I was telling someone this past NYE that I’ve spent three of them in the last decade or so home alone and asleep before midnight. They looked at me like I was crazy. Like I had committed some great sin (the eighth deadly sin?) or was missing out on some cultural rite of passage. My boozy friends’ call NYE (and Halloween, and 4th of July, and Labor Day, and Memorial Day, and Fridays, and Saturdays…) “amateur night.” I agree. I’m nowhere near as boozy as I once was, but when you pick any one day as your savior, your hall pass, or your excuse, clearly you missed the point. Life should be less about being a puppet and abiding by the preferred days of revelry – make your own. Not that you can’t do it on NYE, just that it will cost you a hell of a lot more, be a hell of a lot more crowded, and likely be ruined by various other doorknobs who are only really good at ruining other people’s good times. I told that same person that I would be just as happy, if not happier, to see that same band with those same people on a Monday night in South Dakota as I would on NYE in Oregon, and it would cost a hell of a lot less for the travel, lodging, booze and amenities. They stared at me like a cow chewing its cud. I guess common sense and adventure is lost on some people…

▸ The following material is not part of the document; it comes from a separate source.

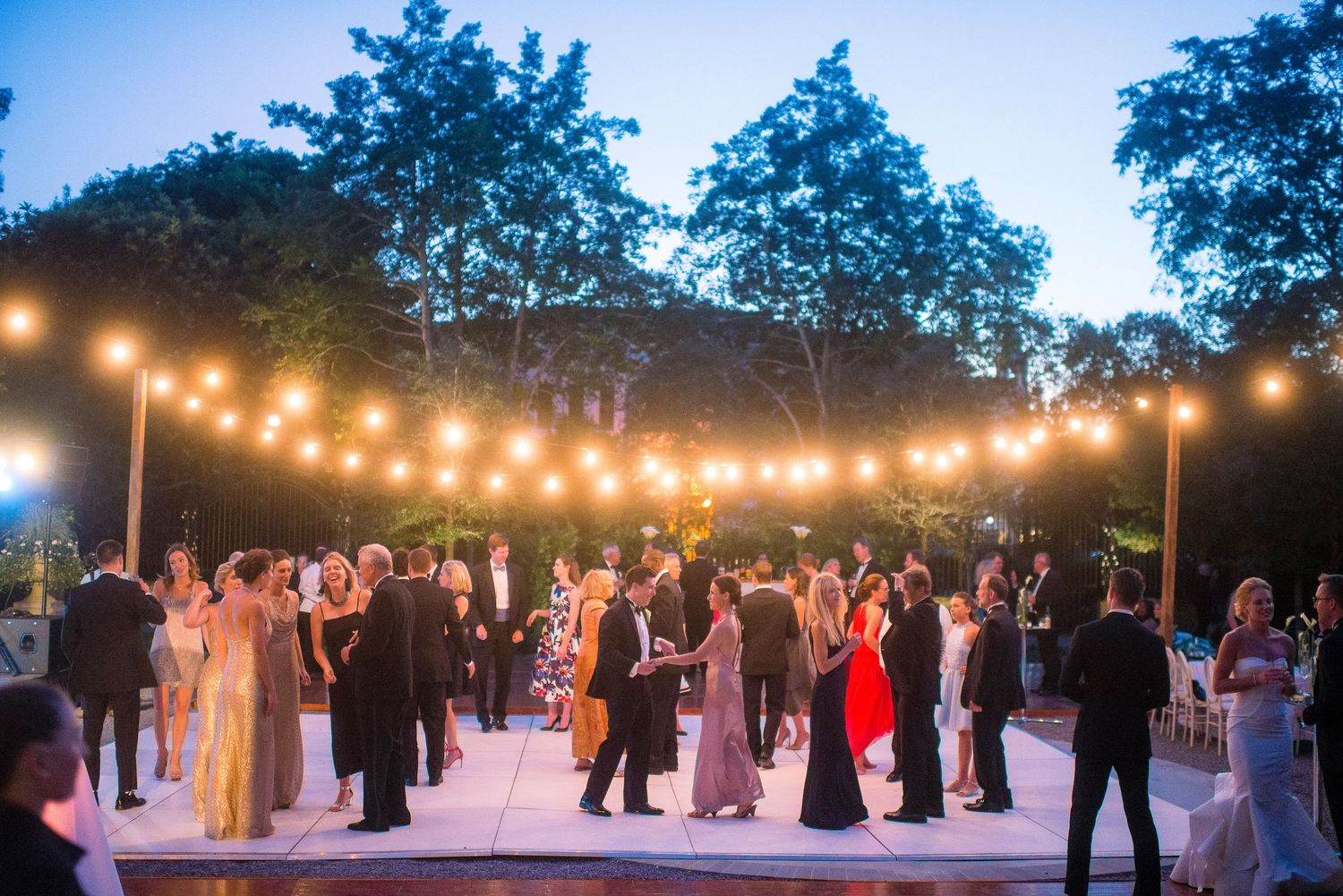 Wedding guests dance together under twinkling string lights at an outdoor evening reception.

I was at the airport on New Year’s Day and there were a gaggle of buffoons wearing tiaras and those corny cardboard top hats with “Happy New Year” on them. I was so drained of energy from three days of late-night music, and from beer and vodka transfusions, to make too many disparaging comments; but as I got back to my destination and took to the town to walk the dog, get food, re-enter society, etc., I was greeted with that salutation: “Happy New Year!” But what does that even mean? I’m not sure what the proper greeting is upon arriving or leaving a funeral, but I imagine that might be more appropriate for the day the calendar turns. Maybe we should start saying, “Sorry for your loss” on New Year’s Day, or perhaps, “It had a good run.” Or simply, “Well, it went hard and fast. I hope it didn’t feel any pain.” Try that next year. On a related note, why do we even feel the need to greet people? I mean, in a city like New York they never make any eye contact or attempt at acknowledging someone they don’t know. That’s how drifters and conmen know who to take advantage of in any big city: the dupes respond to their invitations and solicitations. Perhaps we should look at people who say, “Happy New Year,” “Merry Christmas,” “Happy Thanksgiving,” or “Happy 4th of July” as just exactly the people we should encourage not to add to the gene pool. The only acceptable greeting would be a cold 100-yard stare to ward off scallywags and hustlers…
And so here I am. Having celebrated a bunch of New Year’s celebrations like any good pawn, doing the bidding of culture, supporting the economic machine, and setting my hopes and expectations by someone else’s standards. I’m not sure I’ve ever made a New Year’s resolution, but if I would, it might be something like this: “This year, I promise not to lose weight, drink less or be a better person. In fact, I’m going to try and be an even worse person.” At least it’s a promise I can keep.